Contributing to this poor performance since 1987; the second shortest bear market in history (45 days) caused by turmoil in Russia, the Asian currency crisis and the Long-Term Capital Management hedge fund debacle ending August 31, 1998 with the DJIA shedding 6.4% that day. DJIA dropped a record 1344.22 points for the month, off 15.1%—which is the second worst monthly percentage DJIA loss since 1950. Saddam Hussein triggered a 10.0% slide in August 1990. The best DJIA gains occurred in 1982 (11.5%) and 1984 (9.8%) as bear markets ended. Sizeable losses in 2010, 2011, 2013 and 2015 of over 4% on DJIA have widened Augusts’ average decline.
In post-election years, Augusts’ rankings are little changed. August is the worst month for DJIA and Russell 1000 and second worst for S&P 500, NASDAQ and Russell 2000. Average declines in post-election year Augusts swell to 0.8% by Russell 2000 to 1.7% by DJIA. Each index has also seen more declining post-election year Augusts than positive.
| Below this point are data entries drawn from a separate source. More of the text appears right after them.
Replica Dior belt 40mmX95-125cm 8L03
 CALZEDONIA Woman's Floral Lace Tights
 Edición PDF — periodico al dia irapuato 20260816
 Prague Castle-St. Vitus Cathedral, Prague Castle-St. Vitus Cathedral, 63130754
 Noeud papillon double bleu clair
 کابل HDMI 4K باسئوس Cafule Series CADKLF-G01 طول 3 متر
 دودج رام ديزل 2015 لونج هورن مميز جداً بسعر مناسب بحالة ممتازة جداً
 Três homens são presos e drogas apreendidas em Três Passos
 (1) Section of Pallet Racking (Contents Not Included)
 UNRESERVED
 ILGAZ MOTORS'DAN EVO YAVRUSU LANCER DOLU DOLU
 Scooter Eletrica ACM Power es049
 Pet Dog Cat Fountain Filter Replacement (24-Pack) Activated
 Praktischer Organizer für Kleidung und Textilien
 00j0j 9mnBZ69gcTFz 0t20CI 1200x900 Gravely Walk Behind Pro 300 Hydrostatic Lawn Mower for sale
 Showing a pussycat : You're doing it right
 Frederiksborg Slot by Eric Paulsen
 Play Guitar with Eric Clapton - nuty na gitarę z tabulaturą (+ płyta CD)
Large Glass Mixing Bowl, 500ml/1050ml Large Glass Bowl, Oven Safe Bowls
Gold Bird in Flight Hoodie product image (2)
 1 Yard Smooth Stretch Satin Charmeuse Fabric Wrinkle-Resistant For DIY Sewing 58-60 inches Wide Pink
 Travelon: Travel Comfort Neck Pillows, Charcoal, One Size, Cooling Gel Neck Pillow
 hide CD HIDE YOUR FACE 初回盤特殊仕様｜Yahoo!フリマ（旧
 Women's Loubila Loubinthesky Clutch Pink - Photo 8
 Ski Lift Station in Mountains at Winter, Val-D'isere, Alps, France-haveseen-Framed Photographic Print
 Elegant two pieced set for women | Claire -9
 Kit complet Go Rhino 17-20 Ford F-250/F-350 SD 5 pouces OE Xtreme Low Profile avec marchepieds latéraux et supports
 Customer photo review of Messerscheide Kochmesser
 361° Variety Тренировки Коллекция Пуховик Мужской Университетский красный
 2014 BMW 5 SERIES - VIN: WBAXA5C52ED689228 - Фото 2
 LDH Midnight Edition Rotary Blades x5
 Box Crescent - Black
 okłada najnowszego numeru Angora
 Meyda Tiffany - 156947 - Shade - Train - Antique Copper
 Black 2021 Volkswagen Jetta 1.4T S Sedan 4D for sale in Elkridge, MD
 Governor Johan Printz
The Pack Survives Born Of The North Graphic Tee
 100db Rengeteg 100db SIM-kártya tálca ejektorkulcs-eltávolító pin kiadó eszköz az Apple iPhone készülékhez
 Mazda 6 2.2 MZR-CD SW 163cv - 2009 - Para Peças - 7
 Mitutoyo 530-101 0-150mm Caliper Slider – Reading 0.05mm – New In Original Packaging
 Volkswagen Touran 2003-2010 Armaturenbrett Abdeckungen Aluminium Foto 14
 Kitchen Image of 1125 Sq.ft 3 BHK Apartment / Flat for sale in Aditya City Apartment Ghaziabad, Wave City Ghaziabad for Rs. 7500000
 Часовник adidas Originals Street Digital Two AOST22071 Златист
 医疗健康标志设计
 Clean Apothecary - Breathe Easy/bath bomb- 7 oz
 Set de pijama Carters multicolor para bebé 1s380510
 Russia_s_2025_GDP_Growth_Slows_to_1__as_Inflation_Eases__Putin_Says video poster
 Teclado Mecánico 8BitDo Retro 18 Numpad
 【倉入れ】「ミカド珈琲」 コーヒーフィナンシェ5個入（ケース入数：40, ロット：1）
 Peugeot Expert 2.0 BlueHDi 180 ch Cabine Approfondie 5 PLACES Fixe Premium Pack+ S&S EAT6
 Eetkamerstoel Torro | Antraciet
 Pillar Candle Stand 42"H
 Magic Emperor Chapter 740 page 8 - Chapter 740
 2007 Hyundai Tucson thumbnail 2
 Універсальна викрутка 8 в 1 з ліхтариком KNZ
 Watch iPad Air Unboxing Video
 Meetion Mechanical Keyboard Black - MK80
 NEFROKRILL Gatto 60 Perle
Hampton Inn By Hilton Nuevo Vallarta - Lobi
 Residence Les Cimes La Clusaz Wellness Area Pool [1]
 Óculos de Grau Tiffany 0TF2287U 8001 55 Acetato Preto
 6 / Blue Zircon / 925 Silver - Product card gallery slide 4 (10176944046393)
The first nine trading days of the month have exhibited weakness while mid-month is better. Note the bullish cluster from August 16 through 20. The end of August tends to be weaker when traders evacuate Wall Street for the summer finale. The last five days have declined in 13 of the last 25 years with the S&P 500 up only eight times on the penultimate day in the past 25 years. In the last 25 years, the last five days of August have averaged losses of: Dow Jones Industrials, –0.7%; S&P 500, –0.5% and NASDAQ, –0.04%. Since 2014, the last five days have been improving with only one loss by DJIA, S&P 500 and NASDAQ.
On Monday of expiration the Dow has been up 16 of the last 26 years with five up more than 1%, while on expiration Friday it has dropped in 7 of the last 11 years. Expiration week is down more than half the time since 1990, with some sizable losses; –2.6% in 1990, –2.3% in 1992, –4.2% in 1997, –4.0% in 2011, –2.2% in 2013 and –5.8% in 2015. The week after expiration is mildly stronger up 19 of the last 31.